Giant Beetles: The type is shown on OD&D random table level 4. Sup-I (p. 18) suggests that Giant Beetles be given 3-30 (3d10) damage per bite; that seems highly excessive in our context of non-revised OD&D combat, because even Giants are originally given only 2 dice of damage (d6's). Looking at the Monster Manual with its half-dozen options for Giant Beetles, the one that seems the most appropriate is the giant Boring Beetle, with AC 3, HD 5, and Atk 1, now reduced on average to 5-20 points (5d4). If I lower this to simply 2d6 damage, to match it with Giants (and the only type on my list below Giants to get more than 1 die of damage), then the assessed EHD is 5, the same as its Hit Dice -- so no bonus to XP, but nicely situating it in the middle of the Level 4 table where OD&D says it belongs.

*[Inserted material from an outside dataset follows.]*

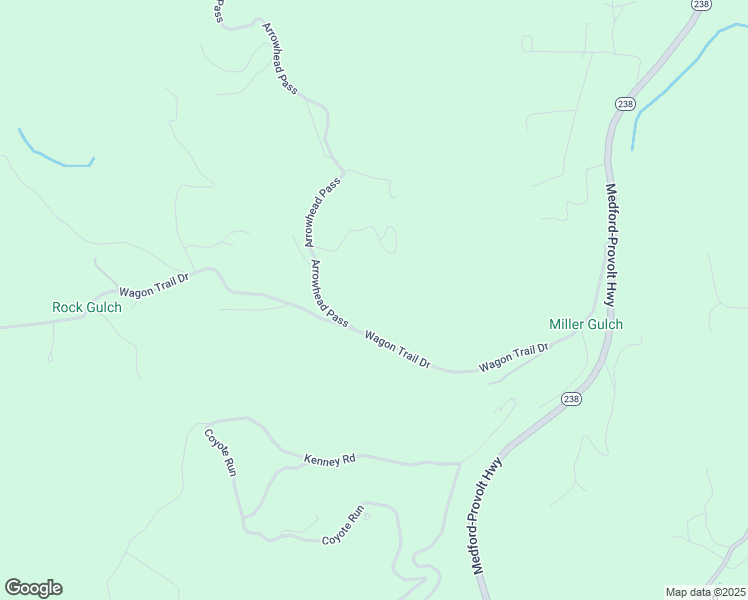 map of restaurants, bars, coffee shops, grocery stores, and more near 714 Wagon Trail Drive in Jacksonville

Giant Snakes: OD&D places these creatures on the Level 3 table; and there are so many issues to juggle with this one (again, we can only guess at it assumed Hit Dice, Attacks, etc.). Sup-I suggests that the Giant Snake should have both a poison bite and a constriction attack (if I read it correctly); a combination that doesn't actually occur on Earth for any type of snake. The Monster Manual thereafter takes a more naturalist stance, splitting up the types of snakes into either a giant Constrictor HD 6+1 or Poisonous HD 4+2 types (among others: Amphisbaena, Sea, and Spitting snakes, not considered here). So we have a number of different options to consider for our OD&D serpent.

Let's take a step back and consider the pulp literature for the type. Conan is known to deal with monstrous snakes in many of his stories (including famous cover artworks), so let's look there. Fortunately, I found a post compiling those giant-snake encounters on the Official Robert E. Howard Forum precisely one day before it's scheduled to be shut down (currently at www.conan.com; I'll be copying the content in comments below when I get a chance). Poster blanor notes that Conan fought giant snakes in 4 stories (Hour of the Dragon, Queen of the Black Coast, Beyond the Black River, and The Devil in Iron). As I look up the scenes in the various stories myself, I note that in each case they are described as a tremendous python, a constrictor type that tries to crush Conan or someone else in its coiling mass (the word "python" is directly used in all of the stories except for Devil in Iron; although tellingly the description of a "wedge-shaped head" is used uniformly in all of those stories). The serpents are each described as being variously 20 or 40 feet long (and The Scarlet Citadel has a whopping 80-foot snake that chases Conan for a while, but he never actually comes to blows with it). But the creature in Beyond the Black River is given an additional terrifying aspect:
That was the reptile that the ancients called Ghost Snake, the pale, abominable terror that of old glided into huts by night to devour whole families. Like the python it crushed its victim, but unlike other constrictors its fangs bore venom that carried madness and death. It too had long been considered extinct. But Valannus had spoken truly. No white man knew what shapes haunted the great forests beyond Black River.

Taking the Conan stories as a cue for the basic type, my list features the MM Giant Constrictor as the basic Giant Snake: AC 5, HD 6+1, can bite and constrict at the same time for 1d6 damage each (this requires an initial successful bite; thereafter it gets 1d6 constriction every round automatically, and can still bite normally as well; the victim can act normally meanwhile); this gets assessed as EHD 6, the same as its HD (so no XP bonus), but placing it one level higher than in the OD&D tables (and on the tail end of that table, in fact, almost into Level 5).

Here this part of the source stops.